So we left Cascais on the back of the weather system that catapulted us along the Spanish and Portuguese coastlines. It was a bumpy ride with up to 2 metre short choppy seas and a good amount of wind. When the boat is bumpy, it is hard to relax into a normal routine, so we adjust accordingly.
These days become duvet days – lots of listening to music and lolling around in the saloon, reading, playing games and getting comfortable looking out to sea. Sophie managed to get so comfortable that she stayed in the same spot in slightly different poses for over 7 hours! Life is a little less relaxed for Ryan and I as we have to ensure the boat is sailed (through day and night) safely, cook and clean up as well as looking after the kids. Ryan decided this was not quite challenging enough, so on the last leg he added fishing to the mix.

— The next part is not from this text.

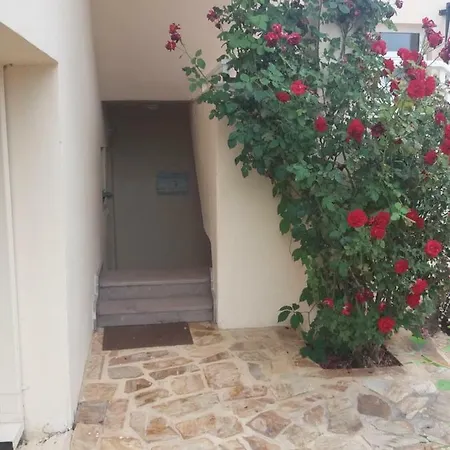 Palma *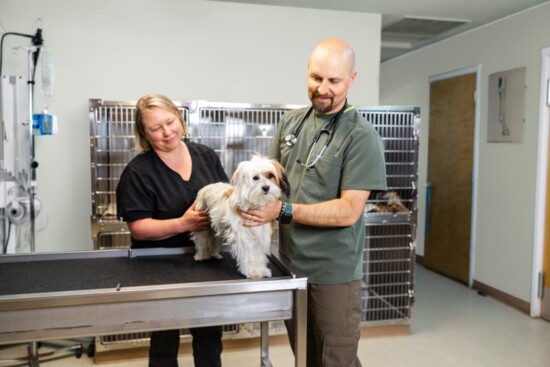 Hospital Manager Amber (l) assisting Dr. Post with exam for Kittle. Amber is the longest tenured employee at High Desert Veterinary.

It’s one of those things… you know when things happen at the least convenient moment. We are surfing down the back of waves at 10 knots, with reduced sail and quite a lot of wind, it is twilight and I am steering the boat myself rather than letting the autohelm do the work (it’s more comfortable to do this in the bigger swell). The kids are waiting for dinner, pasta just boiling, Ryan having a rest before watch in his cabin, a rumble of an argument starting between darling daughters 1 and 2 and then, rudely and without warning the fishing line starts going berserk.
Just to add to the cacophony of already loud noises on the boat, Isla, who has been waiting with an inordinate degree of eagerness to catch a fish reacts with more noise, “Dad, Dad, a FISSSSSSHHHHHH!”. Cue Ryan, legging it up through the doorway in his pants, leaping for the line. We secure the line and reduced sail to slow the boat down, some semblance of calm restored, we then go about the process of landing the fish.
Isla is running around like a madman fetching nets and gaffs and other useful items in between jumping around on the spot squealing. The fish is here, at the back of the boat now and Ryan lifts it out of the water, a gorgeous yellow fin tuna about 3 ft long. Ryan proudly lifts the fish over the transom to show the girls, grinning from ear to ear. Isla’s screams of horror soon wipe that grin from his face. Despite being shown pictures of the fish we were likely to catch, we still have not got to the bottom of what exactly Isla was expecting to see at the end of that line, but clearly it was not a Tuna fish.
“What is THAT!!! It’s scary and ugly, it looks like a dinosaur…those eyes!!!” She proceeded to hide in the cockpit until the fish was dealt with and has categorically said that she will never fish again. Ooops, that’s Isla scarred for life, or so we thought until the next day where (under slight pressure) she actually ate the fish and liked it!
So here we are, finally in some real heat. Alvor is a gorgeous little harbour which is unassuming and has non of the drippings you would expect from the Algave. We have been paddleboarding, beach coming, promenading and cave exploring and we have had a good couple of days of boat school. Jocie learnt to do bar graphs today and her reading is amazing! All of the girls are thriving, although team work can still be a struggle. As I type I am listening to Isla and Sophie trying to wash the waterline of the boat from a paddleboard, much arguing ensues, we are hoping by the end of this trip that team work will be much improved, but at least I don’t have to wash the boat! We’ll have a dip and shower when they are done and we are going out for dinner tonight (thank goodness) I don’t think I can handle any more tuna!!